The first anniversary of the disappearance of Malaysia Airlines flight MH370 will be marked on 8 March 2015. Although the Australian Transport Safety Bureau continues to lead the multinational team searching the southern Indian Ocean seabed, no trace of the missing Boeing 777 has been found.

The ATSB is in discussions with its Malaysian and Chinese search partners on how long the search should continue before being abandoned in the event that no wreckage from the aircraft is discovered. "I do reassure the families of our hope and expectation that the ongoing search will succeed,” Australian Prime Minister Tony Abbot told parliament in Canberra on 5 March. “I cannot promise that the search will go on at this intensity forever, but we will continue our very best efforts to resolve this mystery and provide some answers." This followed a statement a few days earlier by Deputy Prime Minister Warren Truss who said: "We clearly cannot keep searching forever."

The reasoning behind these statements becomes clear when the disappearance of MH370 is contrasted with another recent aircraft loss over a huge ocean. When Air France flight 447, an Airbus A330, went missing over the South Atlantic in 2009 it was following its flight planned route, and its position when communications contact was lost was fairly accurately known. Within 48h of its disappearance, search aircraft and ships found floating wreckage, confirming the loss and providing some hope that the wreck would eventually be located. From that point, however, it still took two years to find the main wreckage and the flight recorders on the seabed.

But in the case of MH370 the aircraft was not following a flight planned route. Malaysian military radar showed it departing dramatically from its planned route from Kuala Lumpur to Beijing when it almost doubled back on its track over the Gulf of Thailand, heading west over the Malaysian peninsula and turning northwest to follow the Malacca Strait. It was last seen on Malaysian military radar heading out over the Andaman Sea.

After that, MH370 is known to have flown for about another 7h without any surveillance or communication. Analysis of periodic satellite datalink “handshake” signals from the aircraft led authorities such as the ATSB to conclude that the aircraft had turned onto a southerly heading soon after going off radar, but the precise track and speed could not be deduced.
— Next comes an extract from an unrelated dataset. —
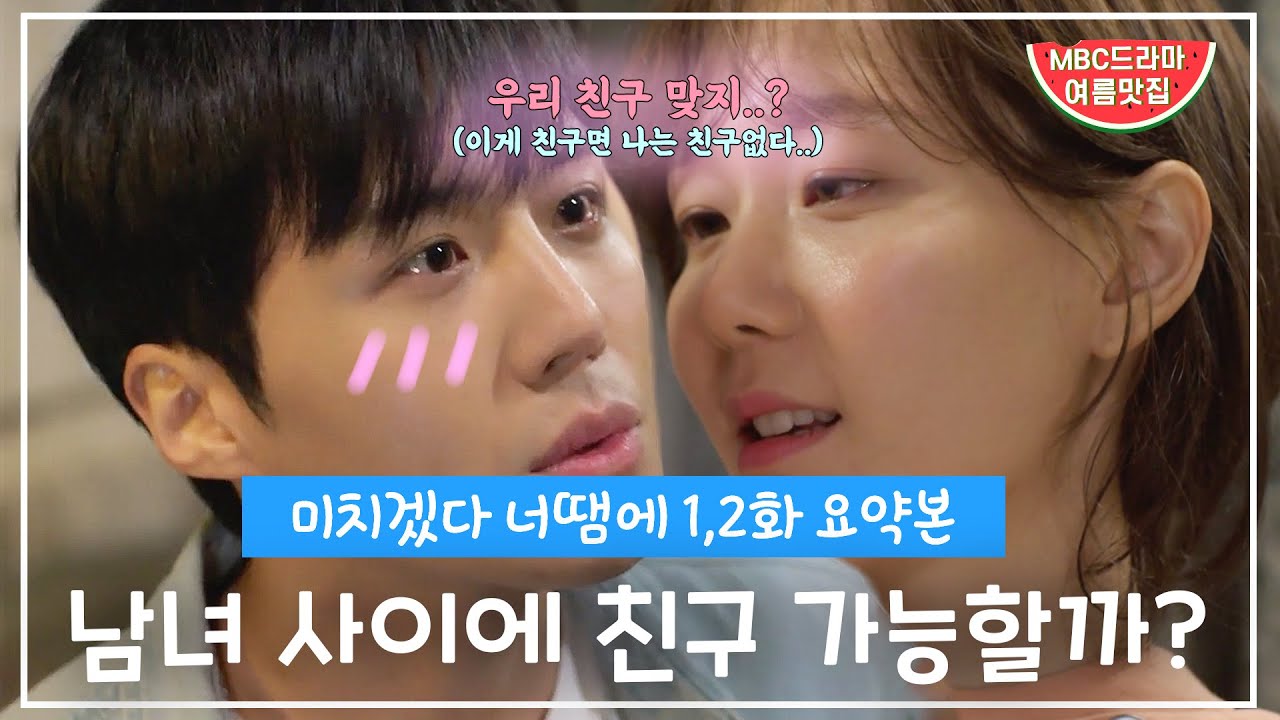 [엠씽크ON] 미치겠다 너땜에 1, 2화 요약본ㅣ남녀 사이에 친구 가능할까?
Boeing 777 captain Simon Hardy contacted Flightglobal in November last year with a mathematical calculation revealing the southbound track probably adopted by MH370, and Flightglobal published his thesis in mid-December. In the intervening three months no-one – including the ATSB – has challenged Hardy’s calculations, which make complete navigational sense when reverse-engineered back to the point at which MH370 was last seen. Hardy’s proposition for the final location of MH370 is close to, but not within, the core search area being covered by the ATSB-led team working with the Joint Agency Coordination Centre (JACC) in Canberra, Australia.

So the current situation in the search for MH370 remains that although the existing accepted theories all point in a similar direction, there are no certainties.
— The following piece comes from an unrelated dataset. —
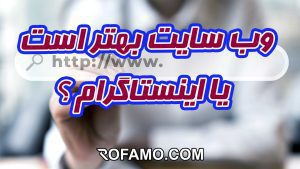سایت بهتر است یا اینستاگرام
The JACC recently released details of oceanic search plans involving four specialist ships operating out of Fremantle in Western Australia. The JACC said that GO Phoenix is currently in the search area conducting underwater search operations; Fugro Discovery arrived in the search area on 25 February and began underwater search operations; Fugro Equator arrived the following day, and Fugro Supporter joined them in early March. At that time, the JACC said, 40% of the “priority zone” had been searched.

Eight days after MH370 went missing, Flightglobal reported: “If the aircraft went north it will be found one day. If it went south there is no guarantee it will ever be found in the vastness of the southern Indian Ocean.” That remains true.
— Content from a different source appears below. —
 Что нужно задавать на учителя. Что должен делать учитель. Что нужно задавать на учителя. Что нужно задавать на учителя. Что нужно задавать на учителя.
The only concrete change in aviation procedure that has been decided as a result of the MH370 disappearance is a resolution, passed at ICAO Montreal on 6 February, to adopt a new 15min flight tracking standard for commercial aircraft. This will enable automatic dependent surveillance of aircraft in oceanic and other areas where there is no radar coverage, making them easier to find if they go missing.

Inmarsat says it will work with Qantas and Virgin Australia as well as Airservices Australia to prepare for implementation of this resolution. The operational concept for the tracking system trial will be developed using automatic dependent surveillance-contract (ADS-C) satellite technology in Australia’s oceanic regions. ADS-C provides air traffic controllers with a frequently-updated surveillance picture of their oceanic airspace beyond radar coverage.

Airservices Australia says it will be the first ANSP to test the ICAO standard using Inmarsat’s global flight-tracking ADS-C messaging service. Inmarsat says some 11,000 commercial passenger aircraft are already equipped with an Inmarsat satellite connection, representing more than 90% of the world’s long-haul commercial fleet.